## ACTIVITY
Everything from the line that holds "Настенные кварцевые часы SEIKO, QXA621G" through the end of the listing below must be retyped word for word, without any pictures.

## RECORDS TO PROCESS
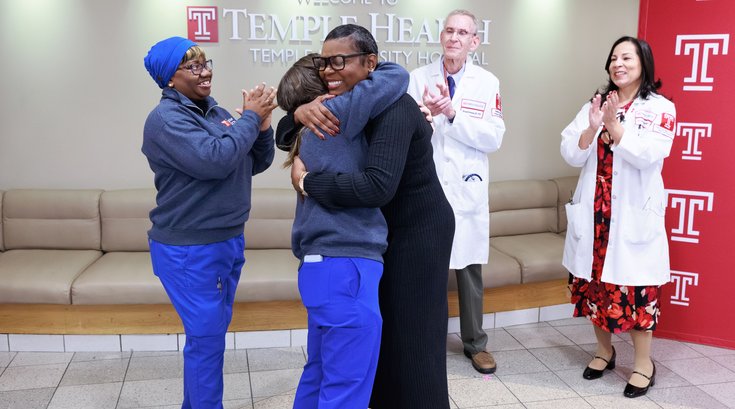 Zipporah Washington Temple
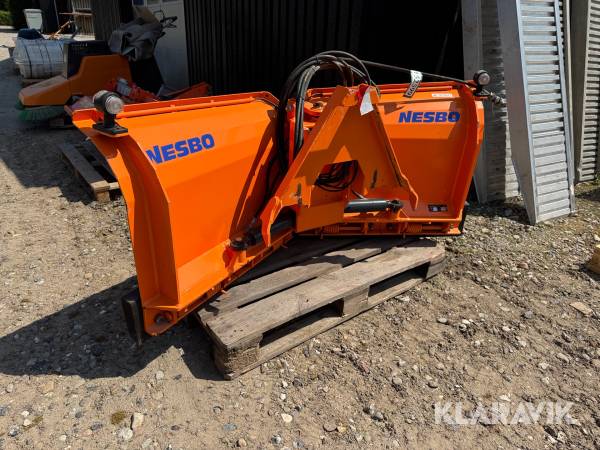 Sne plov Nesbo PS 1700MK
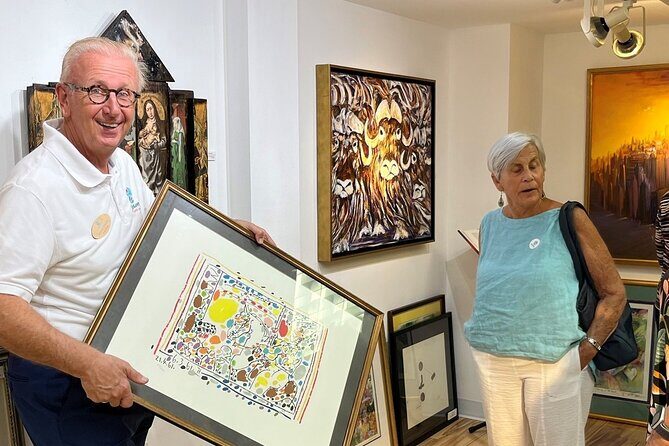 Sarasota Art Crawl Trolley Tour - FAQ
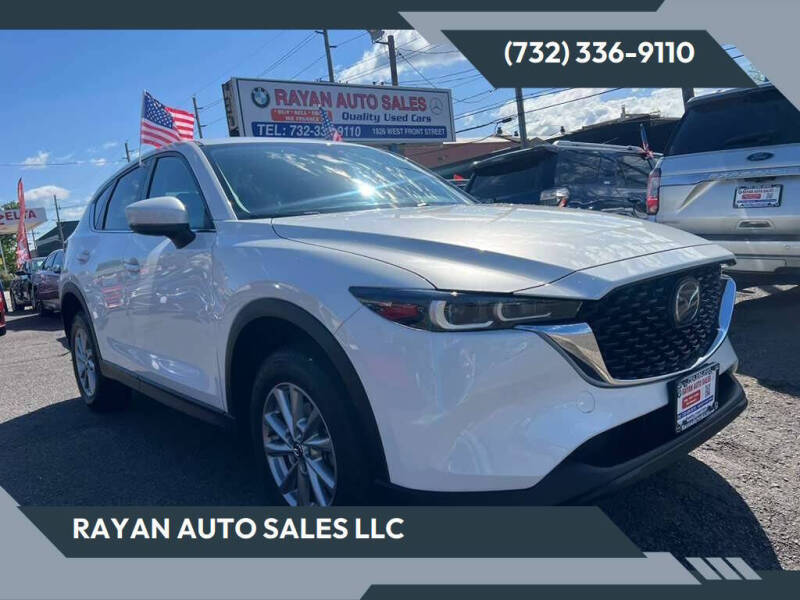 2023 Mazda CX-5 2.5 S Select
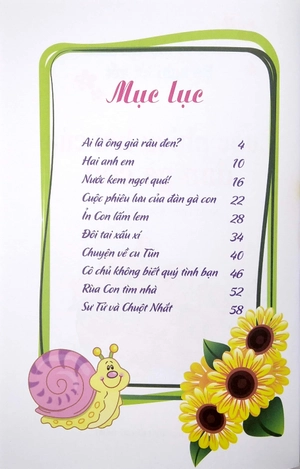 cùng bố mẹ đọc sách - bé nghĩ lời kết - cuộc phiêu lưu của đàn gà con - Ảnh 4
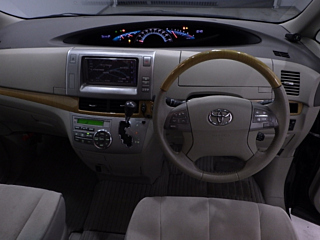 TOYOTA ESTIMA 2008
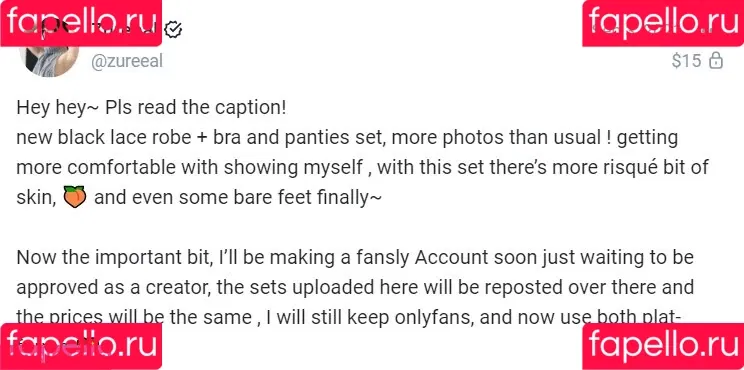 zureeal Onlyfans Photo Gallery 
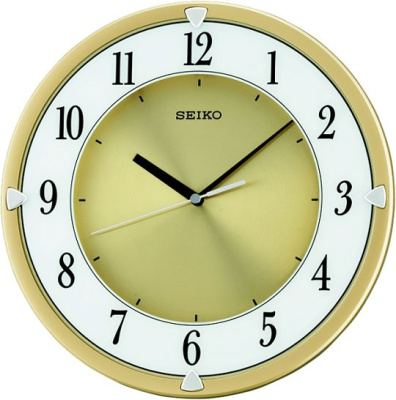 Настенные кварцевые часы SEIKO, QXA621G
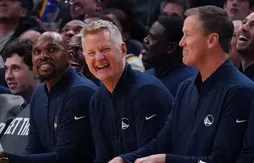 Steve Kerr reste… mais perd ses deux principaux assistants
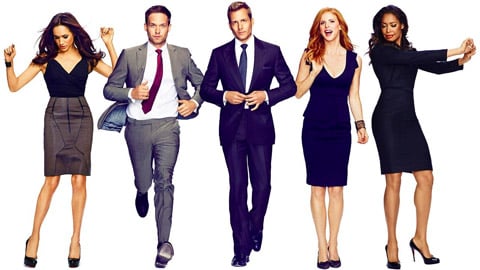 Le casting de Suits se réunira au ATX TV Festival à Austin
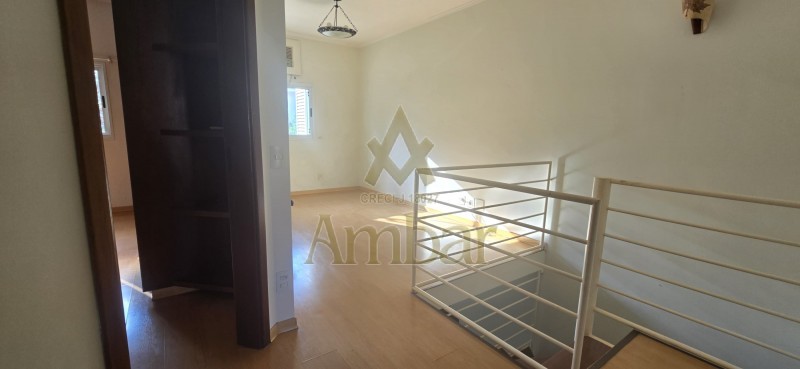 Ambar Imóveis | Imobiliária em Ribeirão Preto | Casa de Condomínio - Santa Cruz do José Jacques - Ribeirão Preto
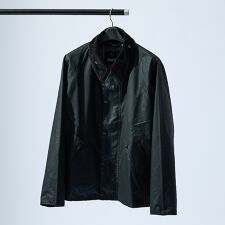 【BARBOUR/ バブアー】トランスポート ワックス ジャケット / MWX1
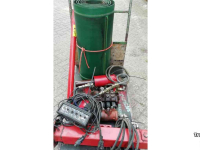 Diverse used spare-parts Trioliet Trioliet parts / Diverse onderdelen Triomix TM12
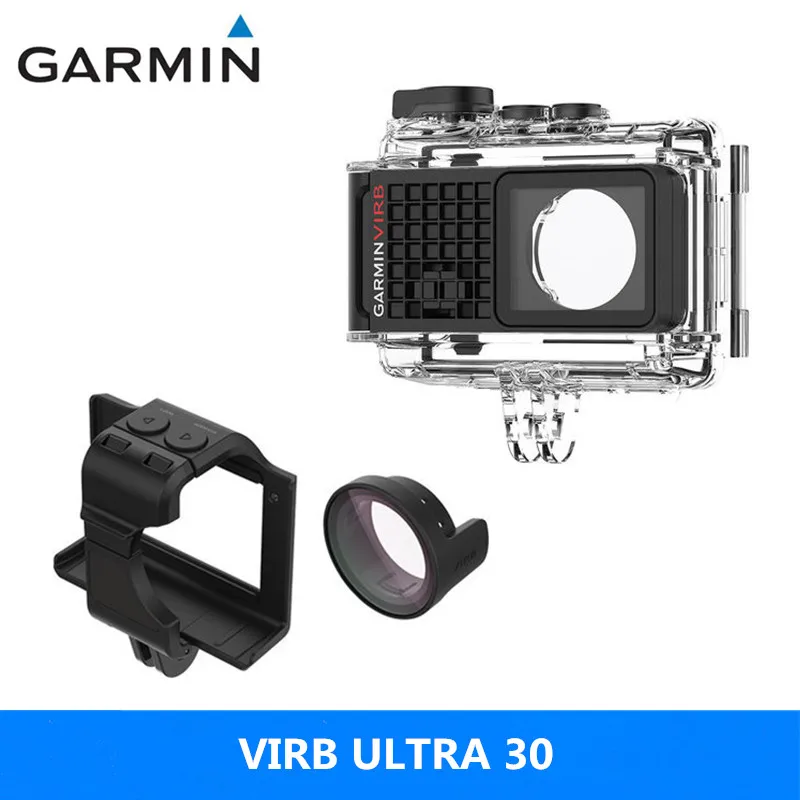 Garmin VIRB ULTRA 30 4K smart bicycle riding sports camera original protective mirror and waterproof cover brand new original
Garmin VIRB ULTRA 30 4K smart bicycle riding sports camera original protective mirror and waterproof cover brand new original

## WRITTEN SOLUTION
 Настенные кварцевые часы SEIKO, QXA621G
 Steve Kerr reste… mais perd ses deux principaux assistants
 Le casting de Suits se réunira au ATX TV Festival à Austin
 Ambar Imóveis | Imobiliária em Ribeirão Preto | Casa de Condomínio - Santa Cruz do José Jacques - Ribeirão Preto
 【BARBOUR/ バブアー】トランスポート ワックス ジャケット / MWX1
 Diverse used spare-parts Trioliet Trioliet parts / Diverse onderdelen Triomix TM12
 Garmin VIRB ULTRA 30 4K smart bicycle riding sports camera original protective mirror and waterproof cover brand new original
Garmin VIRB ULTRA 30 4K smart bicycle riding sports camera original protective mirror and waterproof cover brand new original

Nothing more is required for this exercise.